Autour de M. Mitterrand et dans certains ministères, nombreux étaient ceux qui le pressaient en faveur d’une intervention militaire, il hésitait à y donner suite, et finalement il s’y est refusé. Les décisions se prenaient lors de nos conversations en tête-à-tête.
Comment avez-vous réussi à les faire adopter ?
Je me suis engagé personnellement dans mon discours à l’Assemblée nationale, le 22 juin ; accompagné de M. Juppé je me suis rendu le 11 juillet au Conseil de sécurité de l’O.N.U. pour faire approuver notre position et j’ai pu constater l’hostilité de la représentante des États-Unis à l’opération Turquoise ; je tenais presque chaque jour une réunion sur le Rwanda, ce qui m’a donné l’occasion de rejeter des propositions qui tendaient, sous des prétextes divers, à faire intervenir notre armée en profondeur, voire à Kigali même. Je me suis rendu sur place, accompagné de M. Léotard et de M. Roussin, le 27 juillet 1994, j’ai vu dans un hôpital de fortune des victimes, hommes, femmes, enfants meurtris, certains étaient Tutsis, d’autres Hutus. M. Mitterrand, qui s’était rendu en juillet en Afrique du Sud, m’a déclaré à son retour : « J’étais tout à fait rassuré par votre prudence ». Il avait sans doute constaté les inquiétudes que pouvait susciter en Afrique et dans le monde notre intervention.
Notre armée ne remplissait pas une tâche de police, elle avait une action humanitaire
L’opération Turquoise a néanmoins été contestée. On a fait valoir qu’elle avait servi de prétexte pour mettre à l’abri les responsables du génocide.
C’est faux. Il y avait des victimes à secourir, des réfugiés à protéger, on ne leur demandait pas s’ils étaient Tutsis ou Hutus, notre armée ne remplissait pas une tâche de police, elle avait une action humanitaire. Elle a été calomniée alors qu’elle fût admirable de courage et de générosité. Grâce à elle des milliers de vies ont été sauvées. Je tiens à rendre hommage au Général Lafourcade, commandant de l’opération Turquoise ; il s’est acquitté de sa mission tellement difficile avec loyauté et habileté. Turquoise n’était pas une opération à but militaire, c’était une mission de sauvetage et d’apaisement.
Que répondez-vous à ceux qui accusent la France d’avoir laissé filer les génocidaires par la zone humanitaire sécurisée sous son contrôle ?
L’armée française n’était pas là pour faire la police ! Le mandat de l’O.N.U. ne nous y autorisait pas. On a dit qu’il aurait fallu les livrer à la justice, mais quelle justice ? Il n’y avait plus de gouvernement ! Quand des hommes viennent dire « protégez-moi, je suis menacé », on n’a guère le temps de vérifier le passé de chacun.
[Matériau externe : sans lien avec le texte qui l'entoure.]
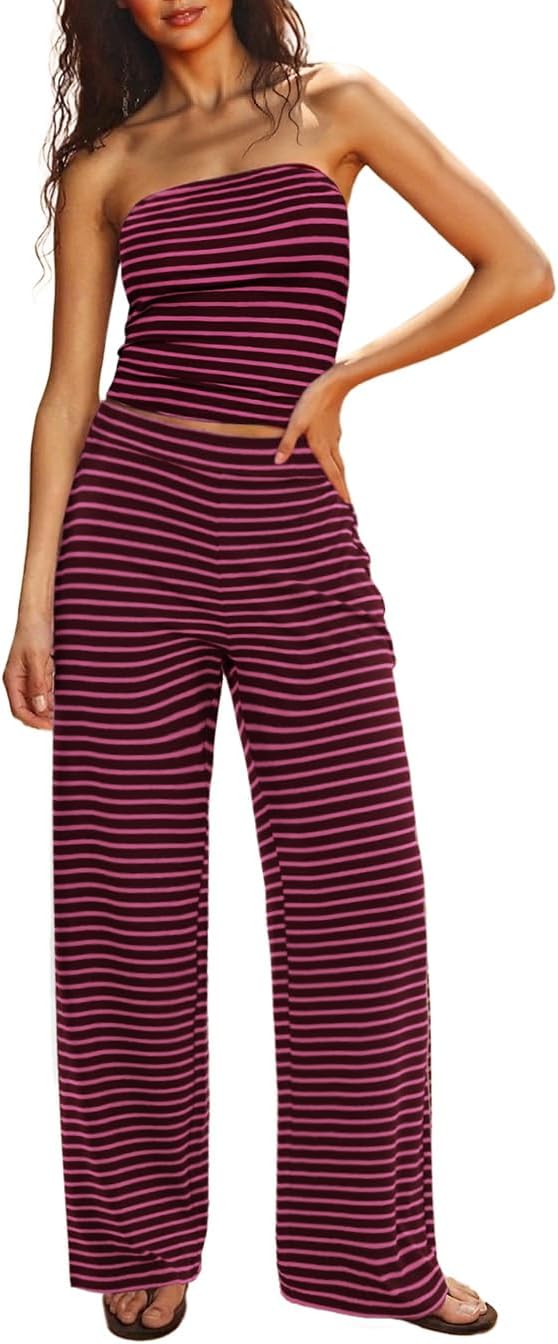Two Piece Sets For Women Summer Outfits Lounge Sets Striped Tube Top And Pants Matching Sets Beach Vacation Travel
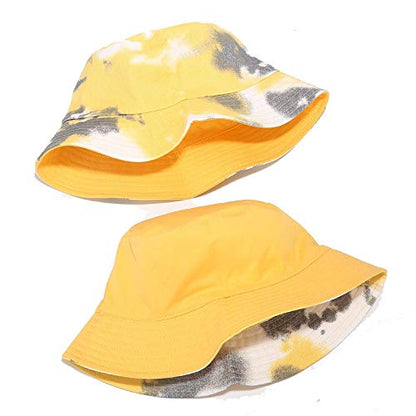 Tie Dye Bucket Hat Reversible Cotton Multicolored Fisherman Cap Packable Sun Hat - color: Yellow Grey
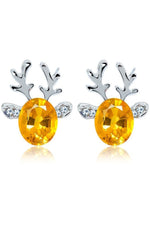 Crystal Gem Christmas Antlers Stud Earrings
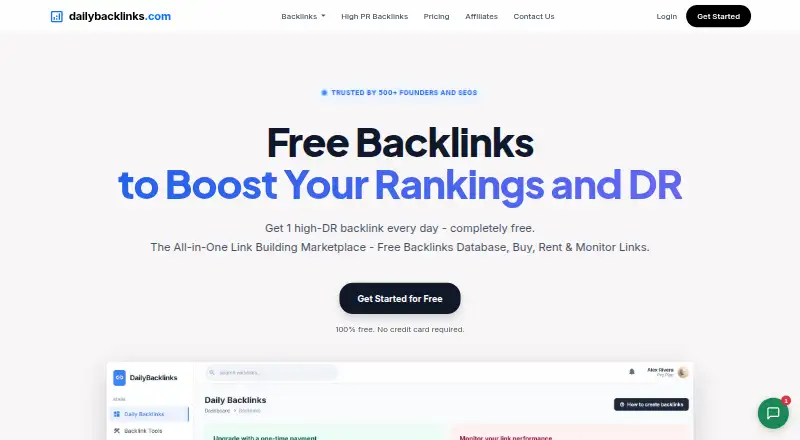 The DailyBacklinks homepage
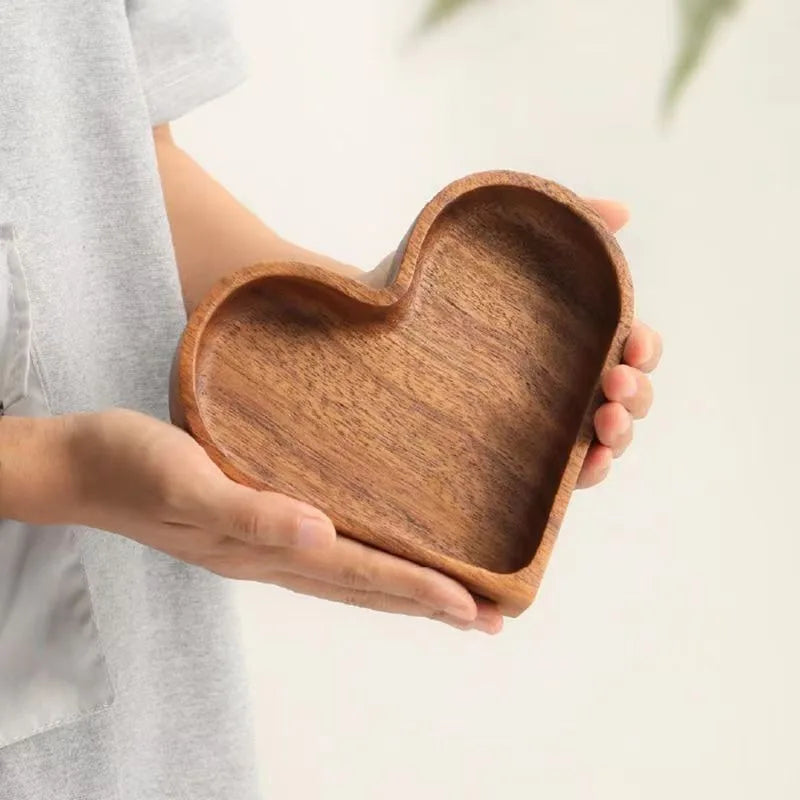 Heart Shaped Plates Dessert Trays Sushi Serving Tray Candy Dishes Decorative Wooden Pallets Decorate Valentines Day Candy Dish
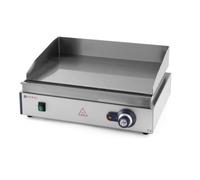 Hendi Plancha électrique BLUE LINE – plaque lisse 2400W 230V avec tiroir à graisse amovible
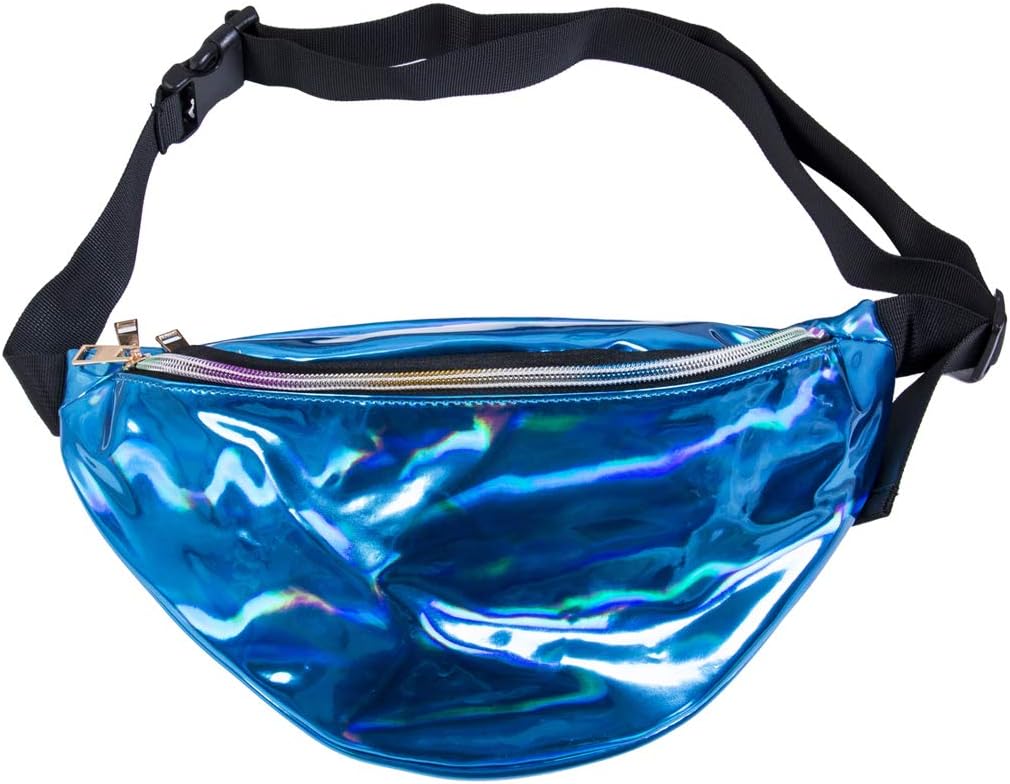 PVC Transparent Waterproof Laser Waist bag Beach Pack (13.77"X 5.11", Blue)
L’opération Turquoise a tout de même suscité des critiques virulentes…
Par qui ? Par l’actuel gouvernement rwandais ? On peut attendre de lui qu’à l’instar de la France il publie des archives dont un organisme indépendant aurait à vérifier qu’elles sont complètes et exactes. Par les autorités américaines ? Elles étaient très impliquées dans cette affaire et l’on pourrait souhaiter qu’elles publient, là aussi sous l’autorité d’un organisme indépendant, les archives de la CIA. Le devoir de vérité ne s’impose pas uniquement à la France. Qui parmi les puissances a fait plus que la France pour arrêter le génocide ? Personne. Qui même a fait autant que la France pour arrêter le génocide ? Personne non plus. La meilleure preuve c’est que nous avions fixé à six à sept semaines la durée de l’opération Turquoise et que le terme parvenu, au début du mois d’août, l’on nous a demandé de toutes parts de prolonger notre présence ce à quoi nous nous sommes refusés. Et aujourd’hui dans des formules quelque peu confuses l’on affirme tantôt que la France est responsable du génocide et tantôt qu’elle n’en a pas été complice ce qui n’est guère cohérent. Elle n’est ni l’une ni l’autre, la véritable responsabilité est celle des Hutus et des Tutsis qui se sont affrontés dans la violence en refusant de s’entendre et celle des forces de l’O.N.U. qui se sont refusées à intervenir. Ce sont des moments d’hypocrisie collective dont l’Histoire est coutumière. Le devoir de vérité ne s’impose pas uniquement à la France.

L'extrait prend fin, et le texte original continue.